Task to carry out:
Please output all the entries word for word, without the pictures.

(Collected data)
::::::
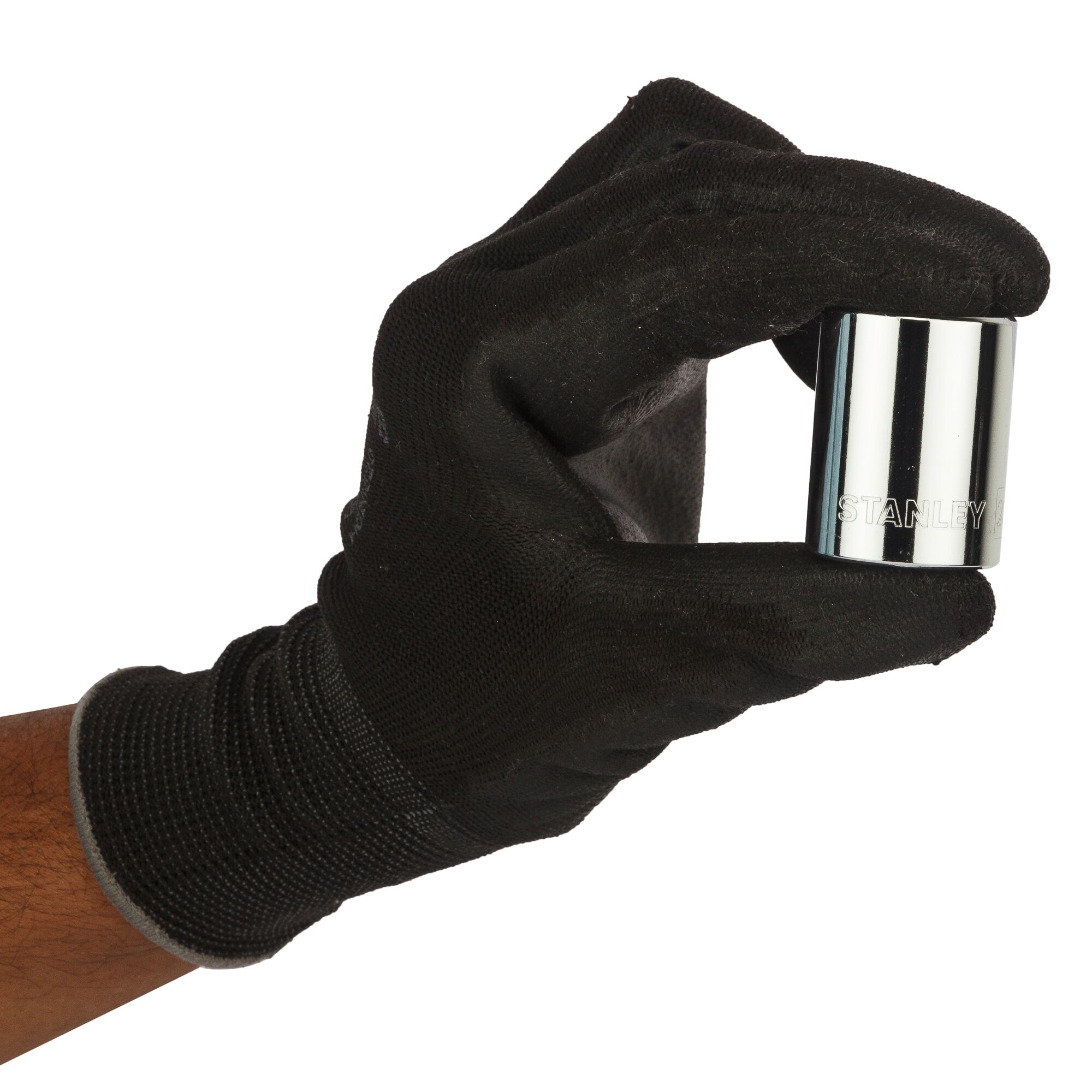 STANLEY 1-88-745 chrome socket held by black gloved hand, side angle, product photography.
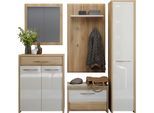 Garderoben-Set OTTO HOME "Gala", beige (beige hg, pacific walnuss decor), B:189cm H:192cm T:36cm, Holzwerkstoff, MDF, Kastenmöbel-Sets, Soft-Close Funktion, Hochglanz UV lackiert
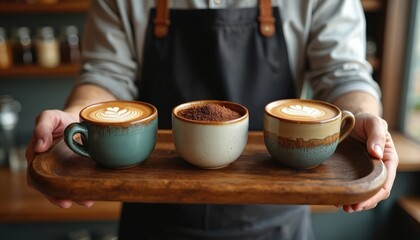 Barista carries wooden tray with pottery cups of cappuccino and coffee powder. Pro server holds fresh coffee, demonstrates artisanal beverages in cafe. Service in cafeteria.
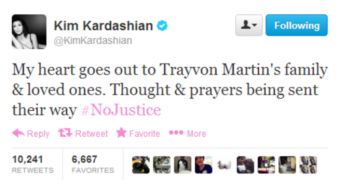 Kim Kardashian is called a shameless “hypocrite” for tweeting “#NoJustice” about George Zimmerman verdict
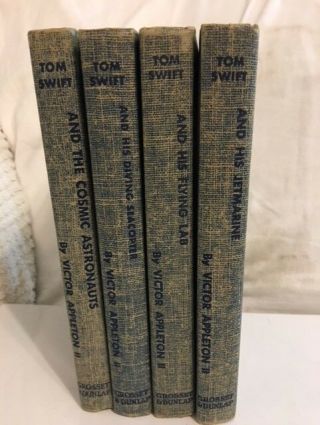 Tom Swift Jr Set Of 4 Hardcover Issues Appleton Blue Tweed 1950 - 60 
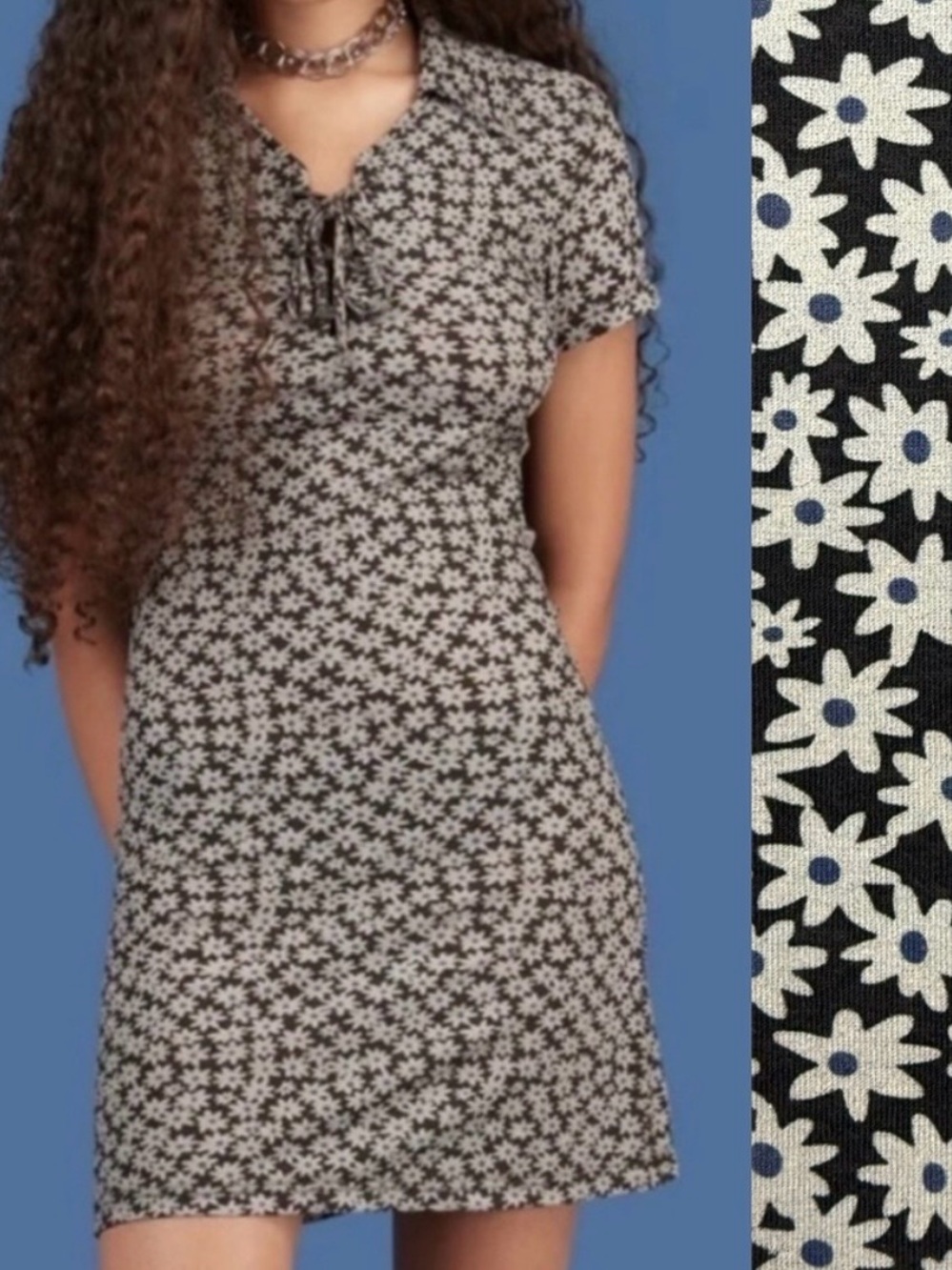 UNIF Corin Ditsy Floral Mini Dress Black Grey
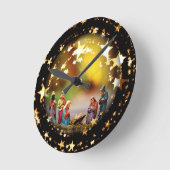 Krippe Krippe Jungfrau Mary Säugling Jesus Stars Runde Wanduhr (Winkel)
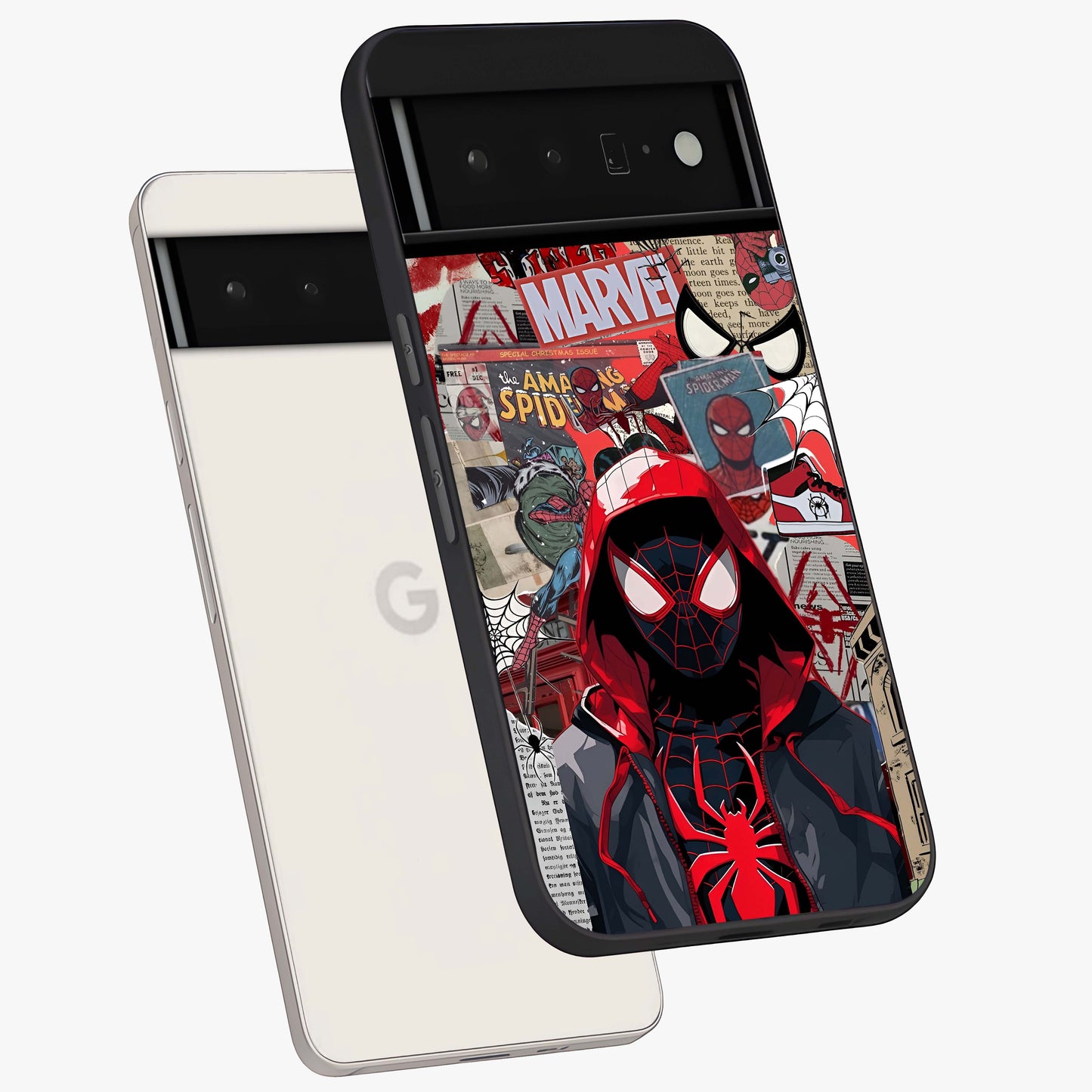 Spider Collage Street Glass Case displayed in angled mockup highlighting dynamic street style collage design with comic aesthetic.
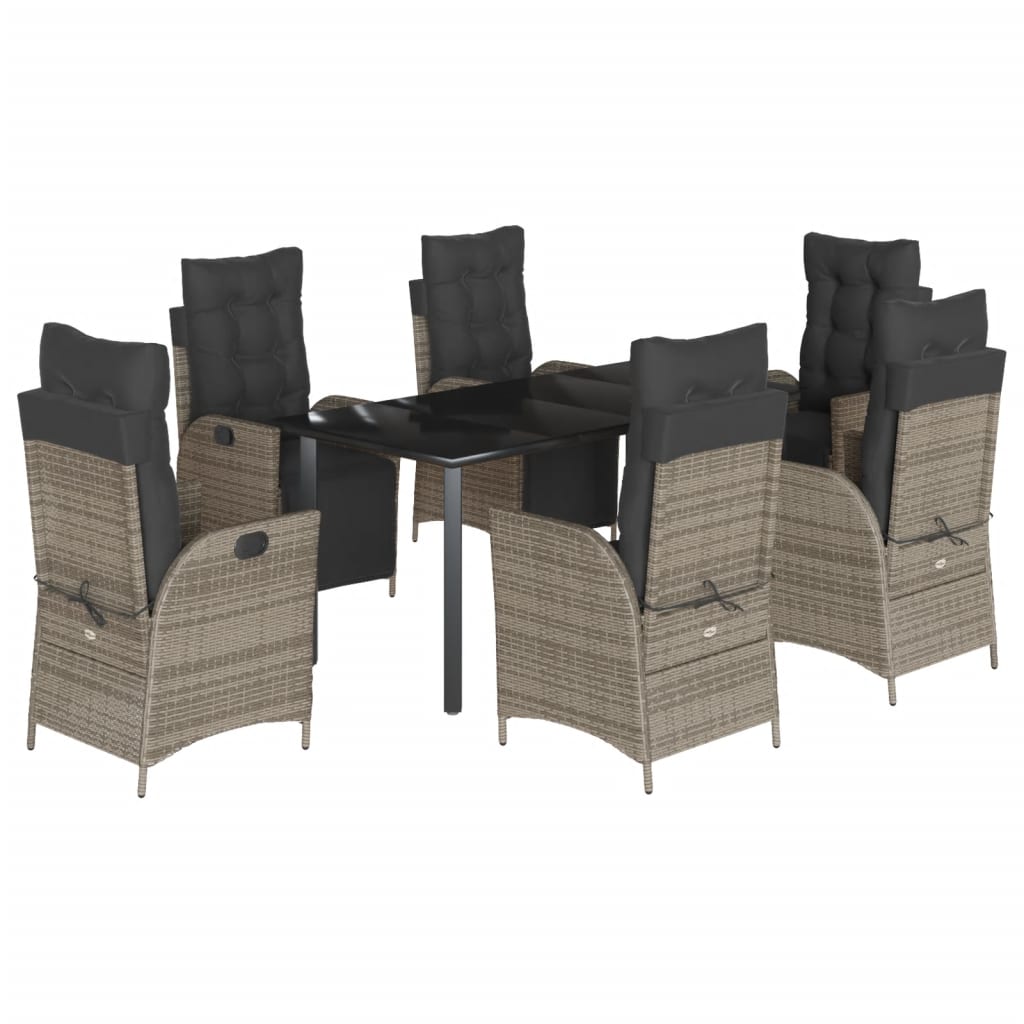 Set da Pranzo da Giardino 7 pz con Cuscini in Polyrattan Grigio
::::::
Result for this exercise:
 STANLEY 1-88-745 chrome socket held by black gloved hand, side angle, product photography.
 Garderoben-Set OTTO HOME "Gala", beige (beige hg, pacific walnuss decor), B:189cm H:192cm T:36cm, Holzwerkstoff, MDF, Kastenmöbel-Sets, Soft-Close Funktion, Hochglanz UV lackiert
 Barista carries wooden tray with pottery cups of cappuccino and coffee powder. Pro server holds fresh coffee, demonstrates artisanal beverages in cafe. Service in cafeteria.
 Kim Kardashian is called a shameless “hypocrite” for tweeting “#NoJustice” about George Zimmerman verdict
 Tom Swift Jr Set Of 4 Hardcover Issues Appleton Blue Tweed 1950 - 60 
 UNIF Corin Ditsy Floral Mini Dress Black Grey
 Krippe Krippe Jungfrau Mary Säugling Jesus Stars Runde Wanduhr (Winkel)
 Spider Collage Street Glass Case displayed in angled mockup highlighting dynamic street style collage design with comic aesthetic.
 Set da Pranzo da Giardino 7 pz con Cuscini in Polyrattan Grigio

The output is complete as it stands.